Ana Pires Livramento



Aqui estou, cercada de mim, 
melancolia trazida 
do interior de um bosque, 
silhueta a preto e branco 
na figuração de um pássaro em voo lento. 

Há quanto tempo, 
só eu sei quanto, 
as amarras de um barco 
se quebraram, 
no interior frágil 
do instante em que fui vento,
ou apenas um abandono breve, 
como as mãos no acto de dar. 

No ângulo do grito e da língua 
se explica a leveza das lágrimas, 
circunfluência no interior das pálpebras, 
longínquo lago na cintura dos lábios. 

Cheguei ao lugar onde se cruzam 
todos os ventos sem hálito 
e chamo pelo nome os frutos e a fome, 
para que ninguém se comprometa 
ao tocar nos meus ombros.

Graça Pires
De Poemas, 1990, p. 43

Este poema faz parte do meu primeiro livro "Poemas" que, no dia 29 de Junho, faz 32 anos que foi editado.

20.6.22

Em seara alheia



Pés 

Leio as tuas palavras numa cidade 
estranha e cheira-me subitamente a 
pão e a casa. Ter-te comigo é como 

poder andar descalça pelo mundo. 

Maria do Rosário Pedreira 
In: O meu corpo humano.
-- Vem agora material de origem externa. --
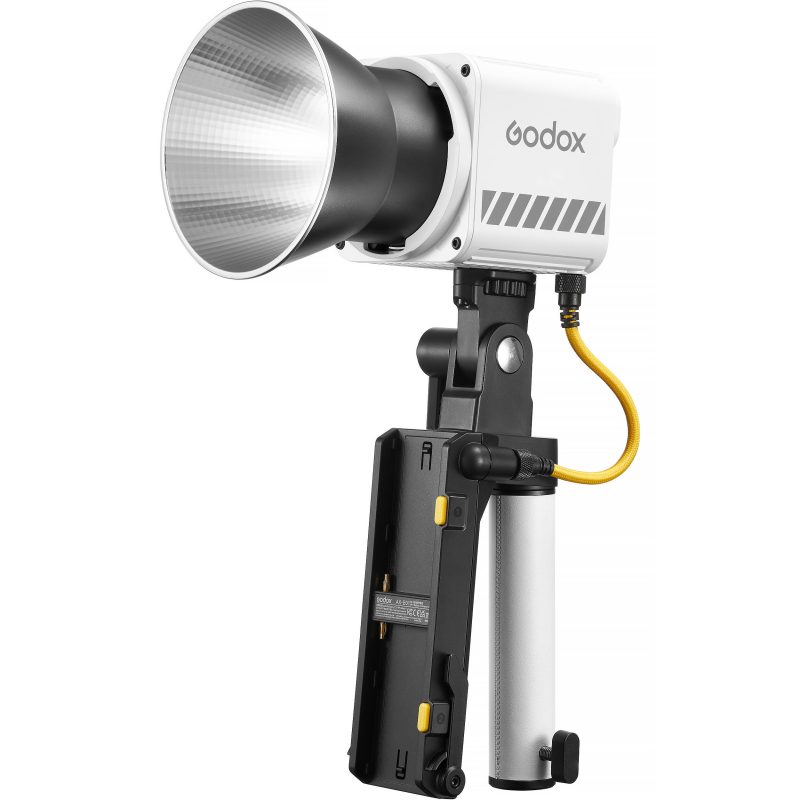 Godox AKB01 - Χειρολαβή μπαταρίας NP-F για ML60IIBi - Image 4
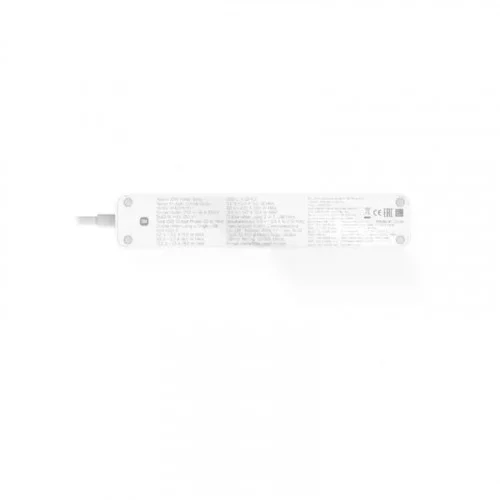 Сетевой фильтр Xiaomi 20W Power Strip (2C1A) (BHR07UKEU) 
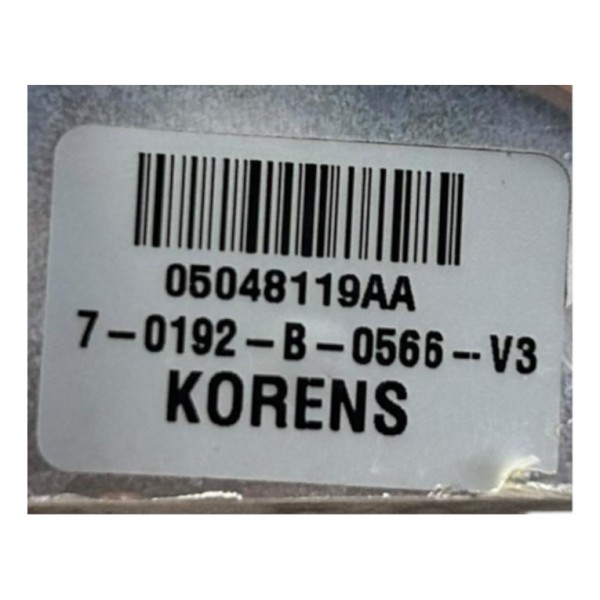 Resfriador Óleo Motor Jeep Compass 2.0 2018 2019 2020 Origin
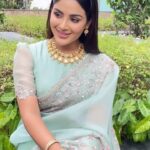 Samyuktha Instagram - Stop looking at the caption and look at me 🫠😄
Lisboa: Quetzal, 2022, p. 82

13.6.22

Escrevo água



Tremem-me os dedos ao separar retratos antigos, 
ao anotar os nomes, ao deixar que cada rosto 
se insinue no meu âmago, 
nos degraus de uma interminável espera. 
Escrevo água para alagar o útero maternal 
e distingo ao longe a minha sombra, 
com o coração inclinado sobre o meu ventre 
duplamente fecundado. 
Um abraço é o íntimo afago em que me reconheço. 
O embalo consentido na plenitude do desejo 
que ao corpo apetece e a alma confirma. 
A perturbação presente na memória 
como um horizonte 
para sempre visível na bênção das mães. 

Graça Pires 
De Antígona passou por aqui, 2021, p. 36

6.6.22

O culto mais privado dos sonhos

Katia Chausheva

E o culto mais privado dos sonhos 
rasga o véu que me cobre 
quando um contido silêncio 
é uma lâmina de frieza 
a magoar-me a pele. 
Em vão me escondo no lado oco 
das paredes para não ver as areias do tempo 
deslizando, apressadamente, 
sobre a pétala que esvoaça na neblina 
como um aceno da vida ou pairando 
sobre as manhãs em que os pássaros 
perdem o sentido do voo. 
Há um delta de fogo a esboçar um triângulo 
em meu perfil, secretamente seduzido 
com pormenores sagrados. 
Por isso afirmo: corre um braço de rio 
entre os seios das mulheres 
que guardam no ventre a fertilidade da terra.